1) Weather resistance: No worries and the shade does its job well for keeping drops off the glass surface - as long it's not too windy. No shooting directly in bad weather but I got some pretty heavy showers. When actually shooting bad weather was the photo to take I took them from some type of shelter or from beneath a tree because getting droplets on the front glass would ruin the photo. Even though the camera / lens barrel got a bit wet and before storing the camera away in the bag I normally wiped off the droplets.

2) Exposure / DR: To sum it up the weather conditions were challenging because a cloudy sky in the mountains normally means still pretty bright (grey) sky whereas the valleys tend to get pretty dark - the more the more pinetrees with their dark greens. Those conditions (shooting RAW) meant too much DR in the scenes to get everything right. Since I'd noticed earlier already, the headroom in the bright lights of the RX10 is pretty tight (significantly smaller than for example my A99) and clipping in the highlights is pretty easy to happen in the given circumstances. This meant an exposure more oriented on the highlights than I'm used to do on the A99. This renders the shadoes in the valleys sometimes too dark but both shadow recovery and lifting applied via local adjustments levels the things. The limited DR and tendency for easier highlight clipping needs to be taken into account also for water / waterfall shots where the exposure needs to be adjusted for the whites in the water to avoid (too much) data losses through clipping.

3) Bulk/weight: Just fine and no hinderance in hike up to 35km per day - hiking though and no real climbing. In addition, an excellent range of FL for such purposes.
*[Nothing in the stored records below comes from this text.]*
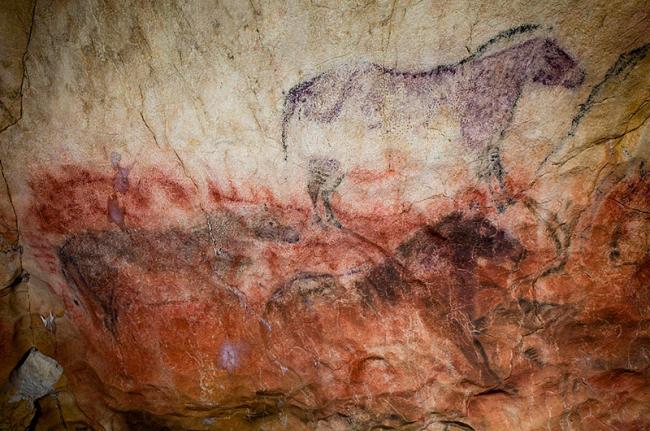 Pinturas rupestres de lPanel Principal de la Cueva Tito Bustillo, Asturias, España
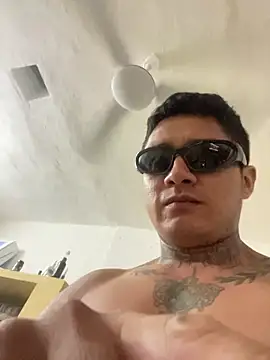 Snapshot of siilvestremx chatting on 10.28.25 siilvestremx online show from 10.28.25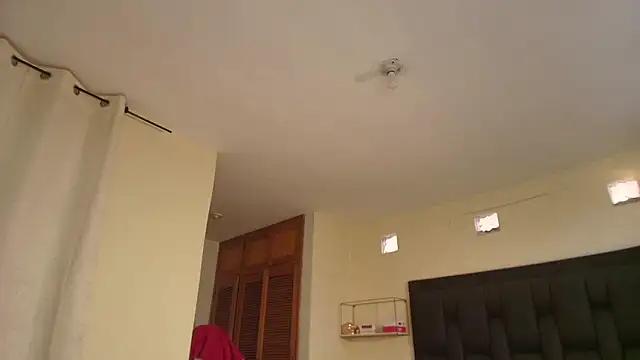 shanakendal2 live sex cam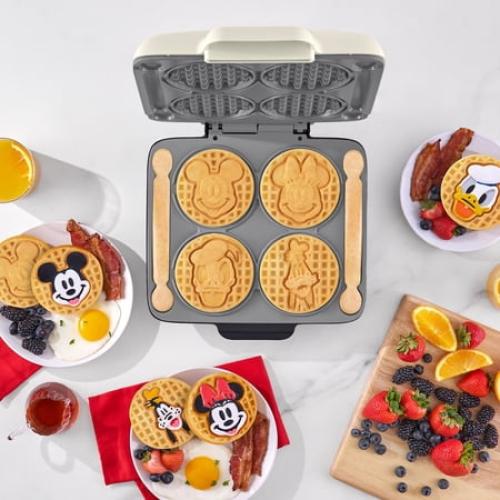 Dash Disney Mickey &Friends No-Drip Waffle Maker MAY HAVE MISSING ACCESSORIES/ NEEDS CLEANING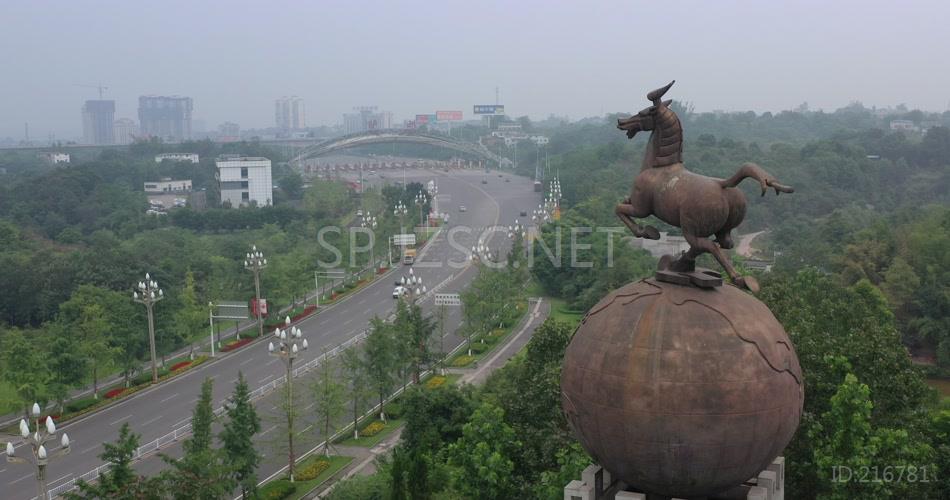 泸州地标泸州高速路口马踏飞燕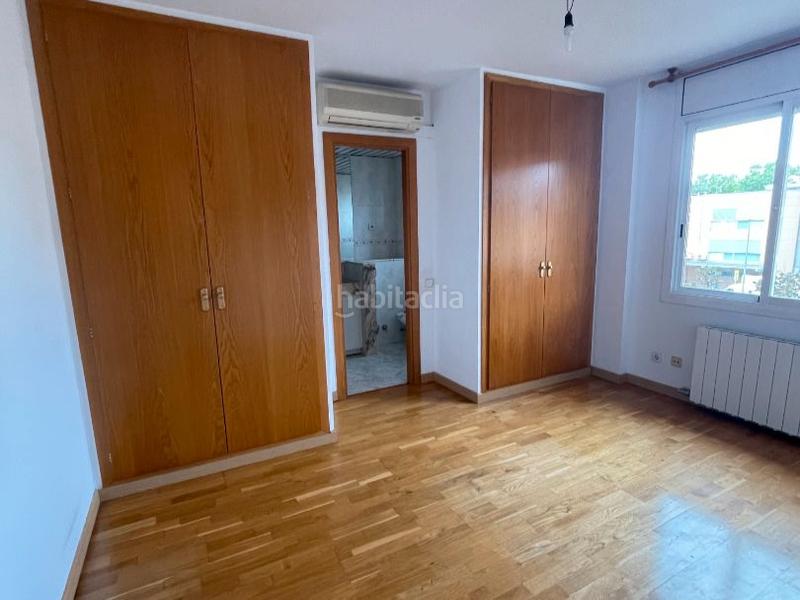 Foto 8dba8302-733d-4fe3-80d1-edb59c081337. Alquiler dúplex en països catalans 6-12 preciós duplex amb jardí. tipus casa adosada . a 2 min de st cugat /hgc . lloguer llarga durada- disponible a partir d'octubre en Rubí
4) Onboard flash: It's nice to have it but it doesn't rise enough. The removal of the shade is almost mandatory to avoid shadowing. Things get even worse when doing close-ups like I did with tiny mountain flowers in front of a defocussed mountain background. It's all too easy to get the main subject shadowed by the lens barrel. Of course this would be less an issue on a sunny day with plenty of light. With the RX100 at least it's possible to bounce the flashlight.

5) IS: impressive effective particulary when shooting in the shadows of gorges or in the woods.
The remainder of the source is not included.